All that is about to change and with a bang: As the powerful Hurricane Ian bears down on Florida which is rapidly evacuating ahead of landfall, it threatens to further destabilize a homeowners-insurance market already teetering on the edge of disaster. The storm is expected to make landfall along the southwest Florida coast late Wednesday or early Thursday, and could send seawater coursing through the streets of Tampa.
While Ian's strength and trajectory are subject to change in the coming days, one early estimate pegs potential damage and economic losses in the Tampa Bay region at $50 billion to $70 billion, according Chuck Watson, a disaster modeler with Enki Research.
That price tag, according to Bloomberg citing data from the National Oceanic and Atmospheric Administration, would make Ian among the costliest storms in US history, as the top end of that range would rank Ian as the sixth-costliest US hurricane. Difficulties in getting needed material and supplies to victims due to snagged supply chains are likely to raise costs even further.
Some insurers will likely not survive: Ian is arriving in the wake of six insolvencies among insurers that write homeowner policies in the state.
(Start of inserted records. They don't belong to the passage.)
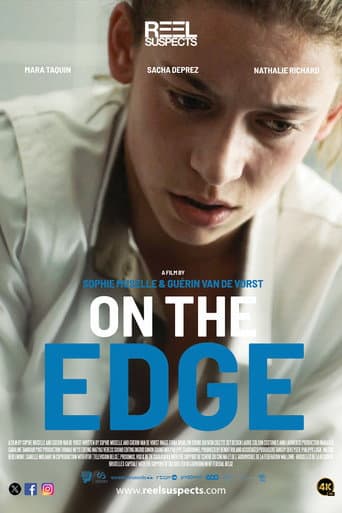 Poster for On the Edge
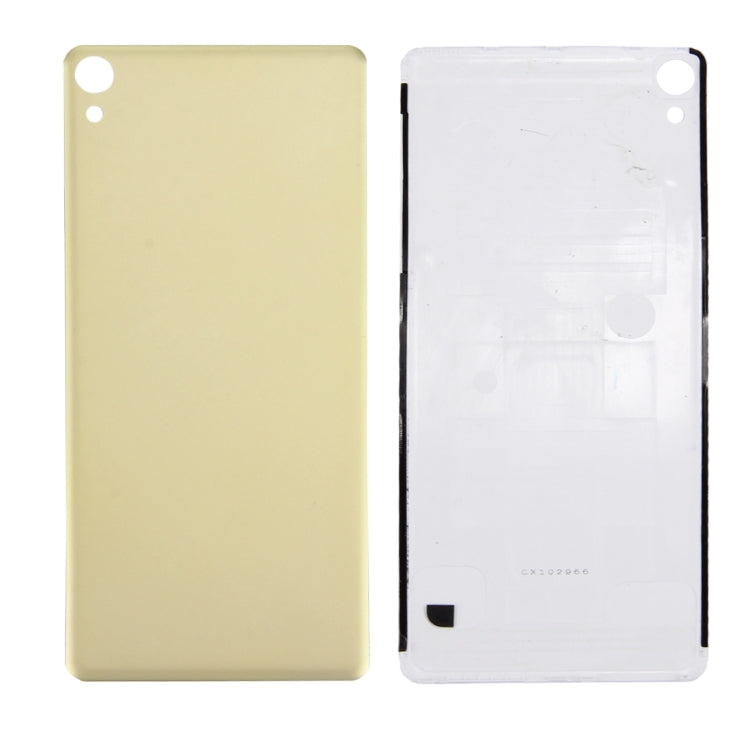 ฝาครอบแบตเตอรี่ด้านหลังสำหรับ Sony Xperia XA, For Xperia XA, For Sony Xperia XA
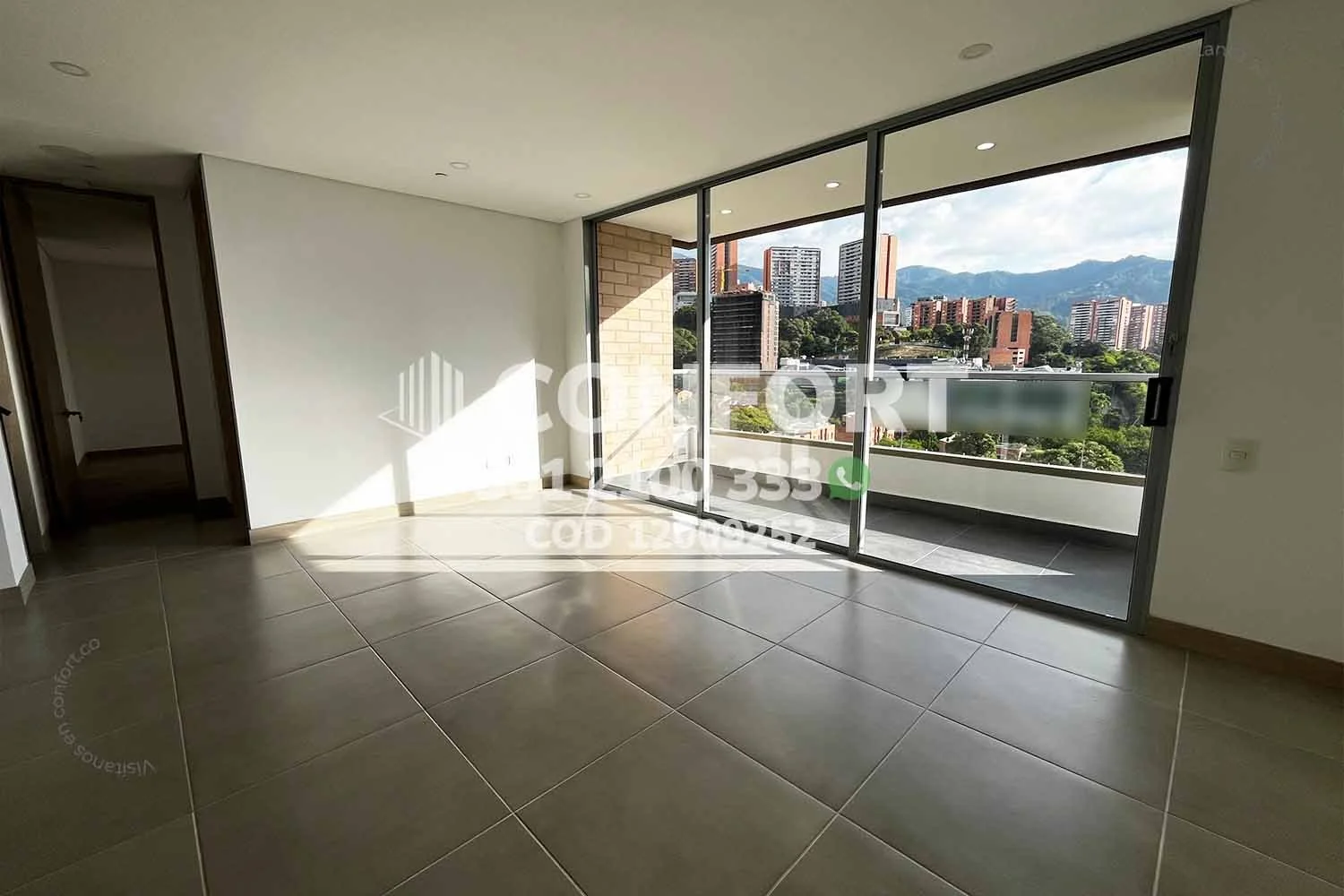APARTAMENTO EN EL CHOCHO – ENVIGADO 12009252 — foto 2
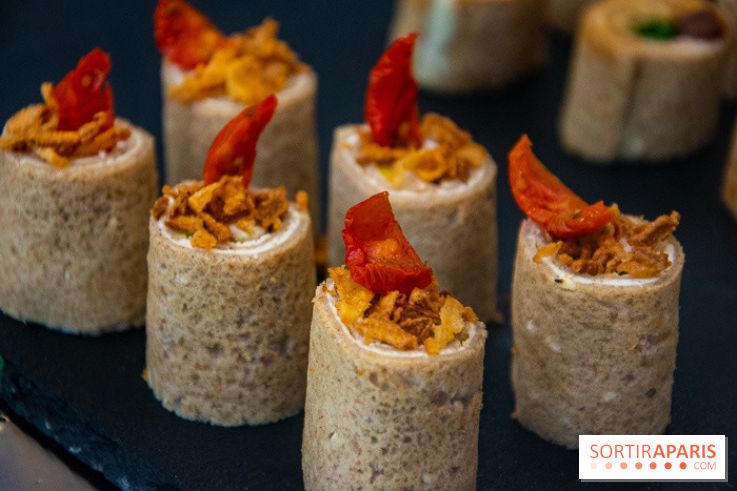 Atelier Mikki, le restaurant mi-crêpe mi-maki du 3e arrondissement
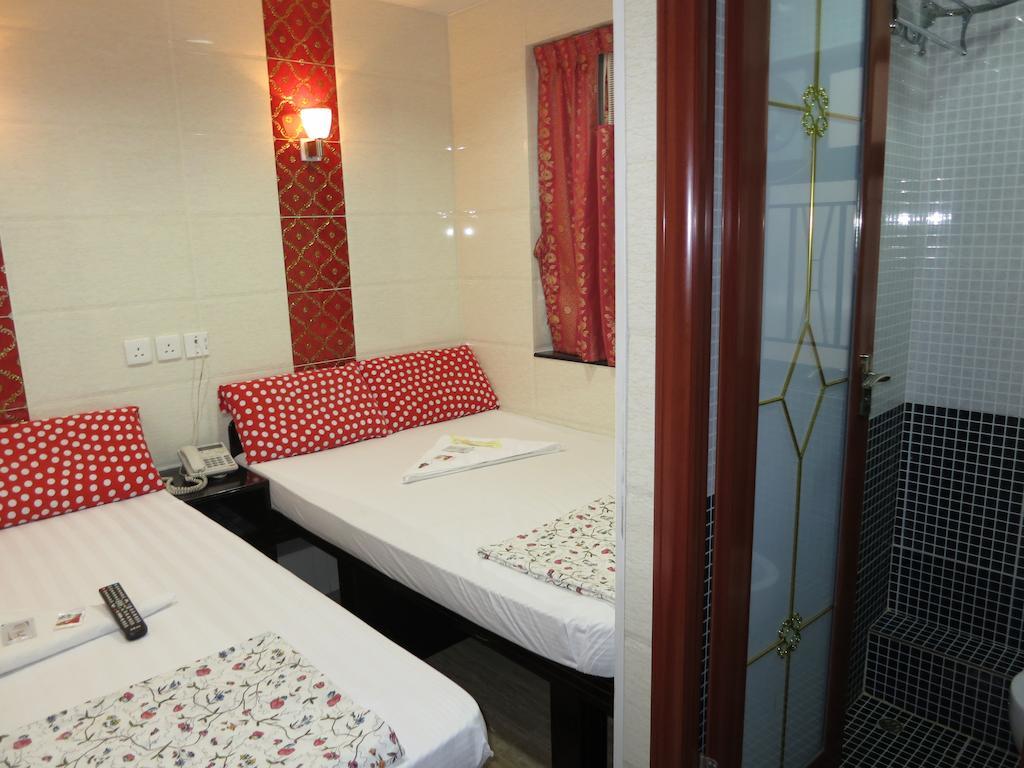 Cebu Hostel Kowloon  Luaran gambar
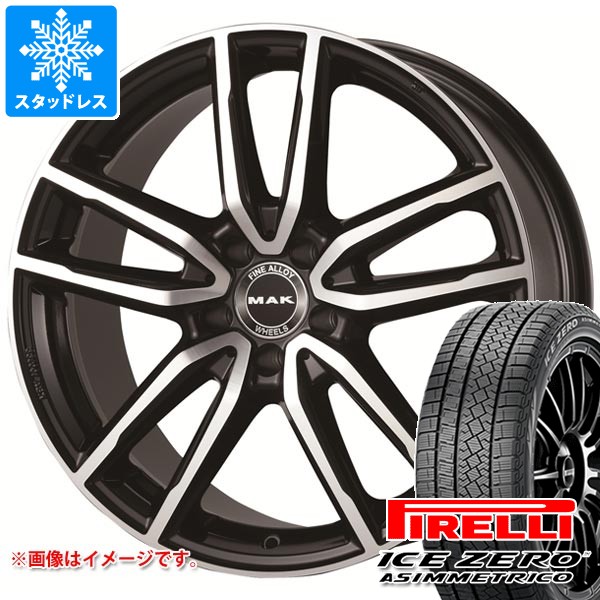 メルセデスベンツ C257 CLS用 スタッドレス ピレリ アイスゼロ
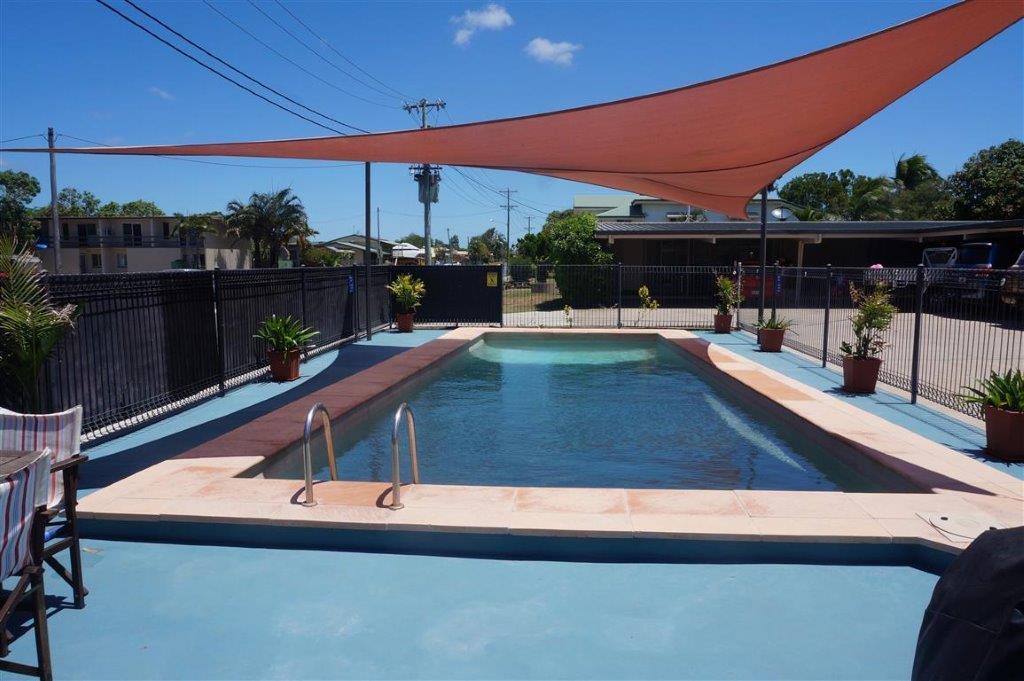 A & A Motel Proserpine Extérieur photo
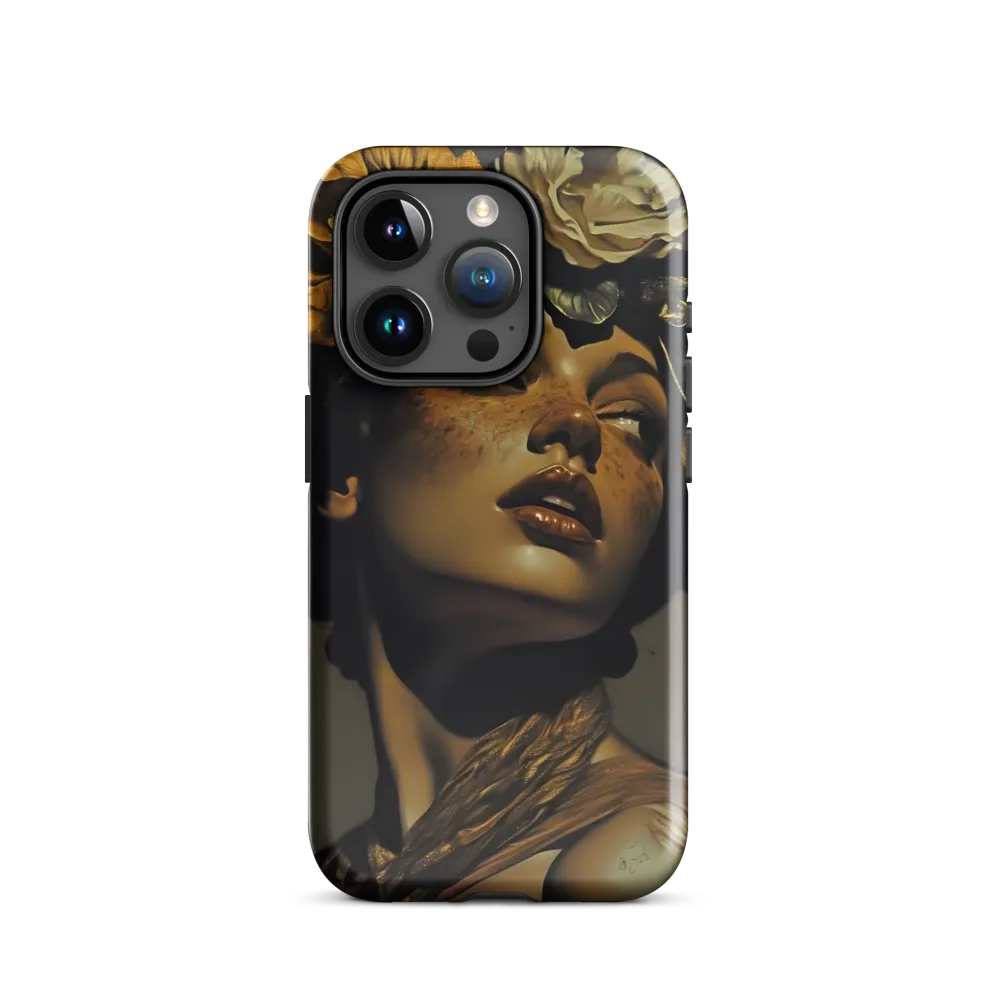 Gilded Serenity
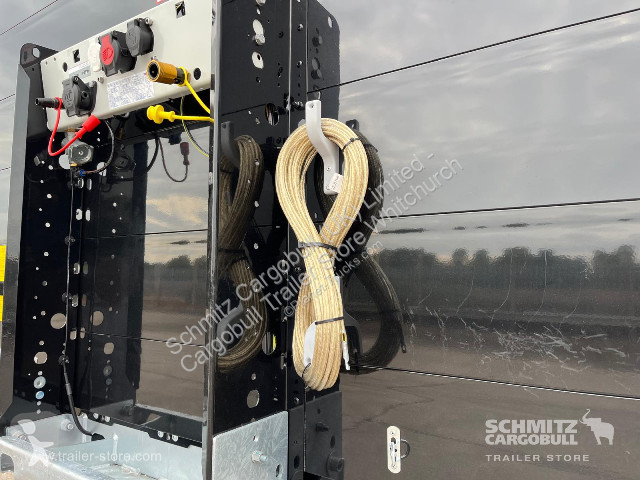 Semiremorca Schmitz Cargobull Curtainsider...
According to Bloomberg, the largest insurers largely pulled back from the market after taking a beating from natural disasters, and the smaller firms still active there have struggled to endure losses.
"It's kind of the worst timing for the storm, especially if it hits Tampa Bay," Logan McFaddin, vice president of state government relations for the American Property Casualty Insurance Association, said in an interview.